I grew up in Chennai, India, for the first twenty years of my life. My mother was one of the dominant forces in my life. According to her, life was about studies—being the best in school, going to high school and then college in the first few ranks, always with the best grades. If I ever deviated from this, she assured me, I would suffer in misery for the rest of my life.
There was no room for girls in this plan. Even talking to the girl next door would draw a look from my mother that would just make me shake. I simply would not dare to talk to the girl again. My mother acted this way from when I was four until college.
In my first year of college, I wrote a letter to a classmate describing my mother’s behavior. My mother approached me the next day, saying, “What kind of nonsense are you telling them at school?” She had clearly opened my letter. She reaffirmed that, unless I was married, I had better not be doing anything with girls. It was then that I decided to leave the house. I moved to the United States on a computer programming visa when I was 21.
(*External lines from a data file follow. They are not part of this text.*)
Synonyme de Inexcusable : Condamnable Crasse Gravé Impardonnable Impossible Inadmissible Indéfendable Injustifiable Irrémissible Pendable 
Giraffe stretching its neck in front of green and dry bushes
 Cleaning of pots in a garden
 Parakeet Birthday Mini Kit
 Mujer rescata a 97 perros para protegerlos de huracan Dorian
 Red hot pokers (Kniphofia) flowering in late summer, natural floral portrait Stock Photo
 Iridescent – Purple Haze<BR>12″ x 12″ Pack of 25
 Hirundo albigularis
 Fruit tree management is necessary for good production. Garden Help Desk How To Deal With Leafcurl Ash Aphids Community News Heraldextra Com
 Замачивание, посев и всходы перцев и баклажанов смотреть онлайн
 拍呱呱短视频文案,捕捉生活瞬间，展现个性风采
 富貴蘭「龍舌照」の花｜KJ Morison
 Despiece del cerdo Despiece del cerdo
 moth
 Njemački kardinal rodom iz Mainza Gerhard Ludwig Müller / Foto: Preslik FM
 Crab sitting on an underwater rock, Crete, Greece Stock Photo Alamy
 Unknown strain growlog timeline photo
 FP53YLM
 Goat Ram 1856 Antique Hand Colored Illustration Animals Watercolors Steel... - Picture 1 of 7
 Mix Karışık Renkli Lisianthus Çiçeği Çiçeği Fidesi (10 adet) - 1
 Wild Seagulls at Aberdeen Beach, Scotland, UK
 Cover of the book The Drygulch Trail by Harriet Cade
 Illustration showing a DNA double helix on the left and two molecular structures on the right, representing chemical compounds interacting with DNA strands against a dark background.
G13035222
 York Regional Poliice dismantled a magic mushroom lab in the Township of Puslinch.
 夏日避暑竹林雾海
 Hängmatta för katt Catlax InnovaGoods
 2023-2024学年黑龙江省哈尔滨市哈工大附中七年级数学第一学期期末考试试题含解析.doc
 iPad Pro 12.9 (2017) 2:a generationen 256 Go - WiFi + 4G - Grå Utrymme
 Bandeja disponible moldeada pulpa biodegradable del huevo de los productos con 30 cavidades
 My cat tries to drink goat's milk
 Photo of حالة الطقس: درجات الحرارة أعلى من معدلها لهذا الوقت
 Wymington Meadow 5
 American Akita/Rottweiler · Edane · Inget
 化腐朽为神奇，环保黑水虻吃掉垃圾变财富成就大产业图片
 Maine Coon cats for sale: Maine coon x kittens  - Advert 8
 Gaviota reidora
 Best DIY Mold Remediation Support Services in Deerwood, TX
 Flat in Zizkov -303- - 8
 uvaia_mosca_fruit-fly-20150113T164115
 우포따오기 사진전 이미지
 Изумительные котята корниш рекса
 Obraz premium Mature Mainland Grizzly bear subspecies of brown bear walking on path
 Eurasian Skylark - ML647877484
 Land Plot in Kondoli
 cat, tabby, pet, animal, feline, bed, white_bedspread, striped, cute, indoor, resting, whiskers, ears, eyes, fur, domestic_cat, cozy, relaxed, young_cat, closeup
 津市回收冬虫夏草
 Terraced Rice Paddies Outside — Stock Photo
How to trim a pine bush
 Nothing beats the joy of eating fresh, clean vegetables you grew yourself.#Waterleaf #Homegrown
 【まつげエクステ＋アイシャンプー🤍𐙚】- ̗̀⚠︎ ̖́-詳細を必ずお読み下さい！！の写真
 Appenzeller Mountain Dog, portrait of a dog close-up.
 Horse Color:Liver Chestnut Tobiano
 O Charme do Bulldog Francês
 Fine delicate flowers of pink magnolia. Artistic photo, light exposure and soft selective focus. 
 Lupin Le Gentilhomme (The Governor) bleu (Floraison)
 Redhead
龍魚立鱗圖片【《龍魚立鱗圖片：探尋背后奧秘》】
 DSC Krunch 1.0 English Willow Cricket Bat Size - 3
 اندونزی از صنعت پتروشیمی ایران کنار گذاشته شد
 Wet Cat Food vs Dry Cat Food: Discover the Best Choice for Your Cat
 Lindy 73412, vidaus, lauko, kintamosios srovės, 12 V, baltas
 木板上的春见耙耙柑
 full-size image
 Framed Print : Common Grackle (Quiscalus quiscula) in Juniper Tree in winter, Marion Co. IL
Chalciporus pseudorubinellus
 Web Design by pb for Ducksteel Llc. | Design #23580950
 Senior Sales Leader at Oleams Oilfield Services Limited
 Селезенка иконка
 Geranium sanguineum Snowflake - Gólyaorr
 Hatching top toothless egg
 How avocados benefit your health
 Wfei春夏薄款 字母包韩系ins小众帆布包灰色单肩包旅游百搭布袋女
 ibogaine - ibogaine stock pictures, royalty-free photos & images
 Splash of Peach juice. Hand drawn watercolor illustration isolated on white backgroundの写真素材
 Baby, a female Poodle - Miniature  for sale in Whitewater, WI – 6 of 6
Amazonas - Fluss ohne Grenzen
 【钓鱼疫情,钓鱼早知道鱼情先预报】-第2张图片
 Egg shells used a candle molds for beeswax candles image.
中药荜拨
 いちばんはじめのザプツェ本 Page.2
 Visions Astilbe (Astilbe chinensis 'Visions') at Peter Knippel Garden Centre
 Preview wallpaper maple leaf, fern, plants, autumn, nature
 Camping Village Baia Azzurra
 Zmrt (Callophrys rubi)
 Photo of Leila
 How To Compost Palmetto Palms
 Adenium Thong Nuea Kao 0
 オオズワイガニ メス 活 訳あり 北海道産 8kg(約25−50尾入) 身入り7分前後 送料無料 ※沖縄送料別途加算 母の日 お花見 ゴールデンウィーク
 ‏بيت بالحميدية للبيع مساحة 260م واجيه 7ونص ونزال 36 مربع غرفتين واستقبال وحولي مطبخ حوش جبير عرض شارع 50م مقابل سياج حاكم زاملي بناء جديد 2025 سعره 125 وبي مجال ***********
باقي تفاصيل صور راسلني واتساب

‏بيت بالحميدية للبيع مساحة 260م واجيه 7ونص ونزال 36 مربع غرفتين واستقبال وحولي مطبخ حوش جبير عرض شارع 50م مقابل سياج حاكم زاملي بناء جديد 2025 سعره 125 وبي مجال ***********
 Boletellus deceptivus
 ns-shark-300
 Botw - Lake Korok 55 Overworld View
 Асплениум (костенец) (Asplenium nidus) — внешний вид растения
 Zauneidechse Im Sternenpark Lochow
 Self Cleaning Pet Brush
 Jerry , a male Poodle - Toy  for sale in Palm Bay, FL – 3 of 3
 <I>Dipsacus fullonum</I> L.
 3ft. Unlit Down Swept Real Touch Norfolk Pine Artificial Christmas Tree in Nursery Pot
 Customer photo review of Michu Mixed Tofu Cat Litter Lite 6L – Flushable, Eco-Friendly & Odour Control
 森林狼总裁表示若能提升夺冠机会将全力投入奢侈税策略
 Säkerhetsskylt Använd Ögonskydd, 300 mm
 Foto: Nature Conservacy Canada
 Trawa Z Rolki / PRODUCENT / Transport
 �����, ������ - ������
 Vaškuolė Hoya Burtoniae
Sadly, my childhood conditioning moved with me. My parents still tried to get me to agree to an arranged marriage. It fell through. When I finally married, it was anything but successful. We barely ever had sex. We were fine together as humans, but as intimate partners, things were just bad.
It was shortly after my divorce that I found out about Orgasmic Meditation. I knew things were not right with me and my relationships, and I didn’t want to wait much longer to find out how to fix them. So, I was looking into lots of different programs. I even got a dating coach for an entire year. I was 39. I didn’t want to be 70 by the time I felt happy. I felt like I wasn’t even living a life, really. I was just working as a machine to make an income. I had to try something.
The first time I tried Orgasmic Meditation, I could not believe how much my hand was shaking. It was impossible, completely impossible, for me to keep my finger on my partner’s clitoris. That’s how vigorously it was shaking. That shaking only lasted a few seconds, but I was shocked that my nervous system reacted that way to being so close to a woman’s genitals. I knew I had a lot of conditioning around sex, but this seemed ridiculous.
Yet, the shaking I felt in that first OM signaled that I had found what I was looking for. I had found something that pushed right up against the edges of my conditioning. I began OMing as much as possible. I began to push through the conditioning that, up until then, had controlled my life.
I had no idea, before Orgasmic Meditation, how sensitive the clitoris is. We receive so little education about it. I learned that there are approximately eight thousand nerve endings on the clitoris, and when I was stroking, I could literally feel different parts of my partner’s body coming alive. The connection was unbelievable. I didn’t realize human beings could connect like this.
Connection, for me, had always been a sort of commerce. At least, it was with my first wife. It had always been like, if you buy me this scarf, I’ll be nice to you. Maybe more than just nice, if you’re lucky. And I felt like that attitude had been reinforced everywhere I’d looked—in the media, movies, TV, everywhere.
But Orgasmic Meditation (OM) is commerce-free. It’s two people engaging in something without stipulation or expectation. It made me realize what a shame my previous viewpoint was. Sex shouldn’t be treated as a commercial asset. It should be treated with so much more reverence than that, with so much more humanity.
I’m married again now, and this relationship has been completely different from the very start. Because of Orgasmic Meditation, I was just so much more open to being myself. We decided to take a walk 15 minutes into our first date, and not long after, I simply asked her if I could give her a kiss on the cheek. She said yes. Right from the start, I was operating from this incredible place of, "What feels good here?"
OM taught me to feel what my body was telling me. I learned that if you want something, it so very often wants you, too. And I followed my bliss right into the most incredible relationship of my life. There’s no commerce in my present marriage. Just lots and lots and lots of intimacy. Not just once in a blue moon. I’d tried so much else. Spent thousands of dollars on dating coaches and other programs. But for me, Orgasmic Meditation was the only thing that worked. The only thing that made a difference.